At the 75th Annual Meeting of the American Association for the Study of Liver Diseases (AASLD), metabolic-associated fatty liver disease (MAFLD) garnered significant attention. Dr. Jun Chen from Shenzhen Third People’s Hospital shared insights on key clinical studies that highlight advancements in the diagnosis and prognosis of MAFLD.Study 1: MASEF Scoring System for High-Risk MASH Diagnosis
High-risk MASH, defined as NAFLD activity score (NAS) ≥ 4 and fibrosis stage ≥ 2, is associated with increased liver-related mortality. However, non-invasive diagnostic tools are essential for identifying factors that elevate liver and all-cause mortality risks.
A study led by Dr. Kanagalingam evaluated the diagnostic utility of the MASEF® score, which incorporates 12 lipid markers, BMI, AST, and ALT, in identifying high-risk MASH and its histological components. The diagnostic performance of MASEF® was compared to ALT for MASH and to FIB-4 for fibrosis stages.
- Participants: 1,073 subjects with a mean age of 52.5 years, BMI of 34.8 kg/m², 490 with type 2 diabetes, 835 diagnosed with MASH, and 198 with cirrhosis.
Key Findings:
- MASEF® outperformed ALT in diagnosing MASH and NAS ≥ 4 and surpassed FIB-4 in identifying fibrosis stage ≥ 2.
- However, it showed reduced diagnostic value for advanced fibrosis or cirrhosis.
Conclusion: The MASEF® score is a promising tool for identifying high-risk events in MAFLD populations.
Study 2: T2DM and Glycemic Control’s Role in MAFLD Progression
This multicenter, prospective study investigated the association between type 2 diabetes mellitus (T2DM), glycemic control, and liver stiffness progression in MAFLD patients using vibration-controlled transient elastography (VCTE).
- Participants: 1,231 adults (62% female) with MAFLD, undergoing more than one VCTE scan. Mean age: 51.8 years; mean BMI: 34.0 kg/m².
Findings:
- Over 4, 6, and 8 years, cumulative liver stiffness measurement (LSM) progression rates were significantly higher in T2DM patients compared to non-T2DM patients (P = 0.04).
- Adjusted hazard ratio (HR) for T2DM and LSM progression: 1.35 (95% CI: 1.01–1.81, P = 0.04).
- HbA1c was associated with increased LSM progression (adjusted HR = 1.18, P = 0.003) and decreased likelihood of LSM improvement (adjusted HR = 0.84, P = 0.02).
Conclusion:
T2DM accelerates liver stiffness progression in MAFLD, underscoring the importance of glycemic control in managing disease progression.
Study 3: Polygenic Risk Scores (PRS) for Predicting MAS and Fibrosis Progression
This study evaluated the effectiveness of polygenic risk scores (PRS) in predicting MAFLD activity score (MAS) and advanced fibrosis using histology-validated data.

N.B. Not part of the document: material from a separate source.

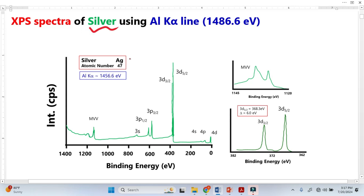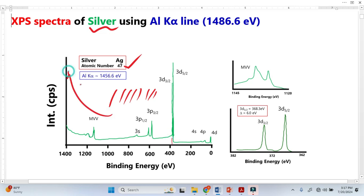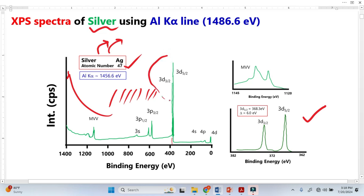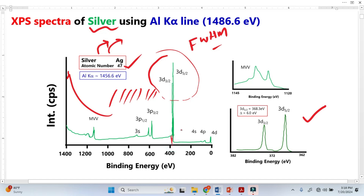Now looking at a similar spectra for silver, which has atomic number 47 — this is the survey spectra. It gives us information about the elements, and we identified from the binding energy table that this spectra belongs to silver. Now we are interested to know whether this silver is making a bond with other elements and what is the environment of this silver. So we take the high resolution spectra and focus on the most important peak. Although the peaks are already somewhat separated, we cannot accurately determine the full width at half maximum, the intensity, or the exact peak position — this is why we need high resolution spectra.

- Participants: 3,049 biopsy-confirmed MAFLD patients, including GWAS and NASH CRN exome sequencing data.
- PRS Models: Five PRS systems (Chen, Emdin, Whitfield, Schwantes-An, and Vujkovic) incorporating various SNPs were assessed.
Findings:
- PRS-Chen (16 SNPs) strongly correlated with MAS and fibrosis progression.
- PRS-Schwantes-An demonstrated strong associations with fibrosis across continuous and categorical factors.
Conclusion:
The 16-SNP PRS-Chen showed significant predictive value for steatohepatitis and fibrosis progression and could guide future clinical trial designs.
Implications
These studies highlight the growing potential of combining genetic, clinical, and non-invasive diagnostic tools to improve MAFLD diagnosis and prognosis. They also underscore the importance of integrating baseline comorbidities, genetic predispositions, and advanced scoring systems for a comprehensive assessment of disease progression.
Further research and validation are needed to refine these tools and ensure their applicability in diverse clinical settings.